К концу 1820-х годов Пушкин воспринимался обществом прежде всего как поэт — существо особенное, не имеющее ничего общего с обыкновенным человеком, что, собственно, и было целью длительного сотворения своей мифологизированной творческо-биографической личности. Это предполагало применение к нему целого ряда бытовавших в обществе «ярлыков» (в письме П. В. Нащокину сам Пушкин так иронически определяет традиционные качества «художника»: «беспечен, нерешителен, ленив, горд и легкомыслен; предпочитает всему независимость») и необходимость следования им. Когда поэтическая составляющая лирического «я» отошла на второй план, уступая место «человеческой», необходимо было создавать новую концепцию творческой личности. По замечанию И. В. Немировского, с конца 1828 года «поведение поэта перестает носить ярко выраженный публичный характер».

«Обетный гимн» пенатам, в котором возникает предположение, что они — «всему причина», по сути, есть гимн родовой основе каждого человека.

Лирический субъект объявляет себя жрецом домашних богов.

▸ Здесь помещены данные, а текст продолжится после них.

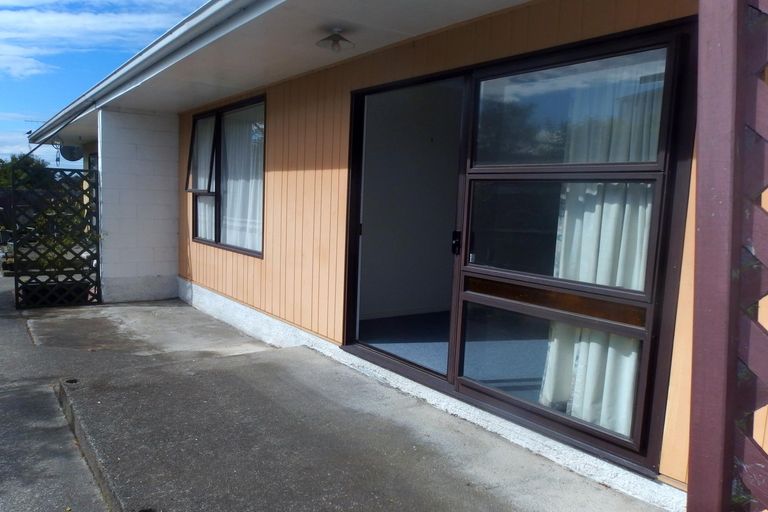Photo of property in 2/2 Baker Street, West End, Timaru, 7910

Он уходит из сфер любого внешнего выражения, в том числе и поэтического, в собственную «сердечну глубь». Сжатое пространство человеческого бытия открывается в глубине души: бездна поэтического пространства и смысла оказывается бездной человеческой души. Поэт учится «чтить самого себя» как человека.

В стихотворении «Пора, мой друг, пора…» Пушкин говорит о перспективе прихода к смерти для человеческого «я». В плане продолжения стихотворения намечается своеобразная траектория движения человека к смерти: «семья, любовь — религия, смерть». На таком фоне смерть человека предстает как слияние с изначальным, родовым потоком жизни, то есть не предполагает конечности.

Перспективы, связанные со смертью для поэтического «я», прочерчены во множестве стихотворений и, в итоге, сводятся к его вечной жизни в мифологизированном поэтическом пространстве, то есть к абсолютному уходу, ускользанию от наличного бытия.

Подводя итоги обзора поэтических ролей, избираемых пушкинским лирическим «я» и определяющих их особенностей, можно выделить в качестве основной стратегии авторского поведения именно стратегию ускользания, которая, включая в себя новые приемы, оказывается релевантной на всем протяжении творческого пути поэта.

При формировании лирического «я» эта стратегия проявляется поразному. Например, в «ролевой» лирике поэт, примеряя на себя те или иные «маски», не только выражает свое внутреннее состояние вовне, но и скрывает его. Ускользание связано с игрой и предполагает наличие бесконечного числа возможностей в реализации каждого концепта, каждого мотива и интерпретации каждого поступка.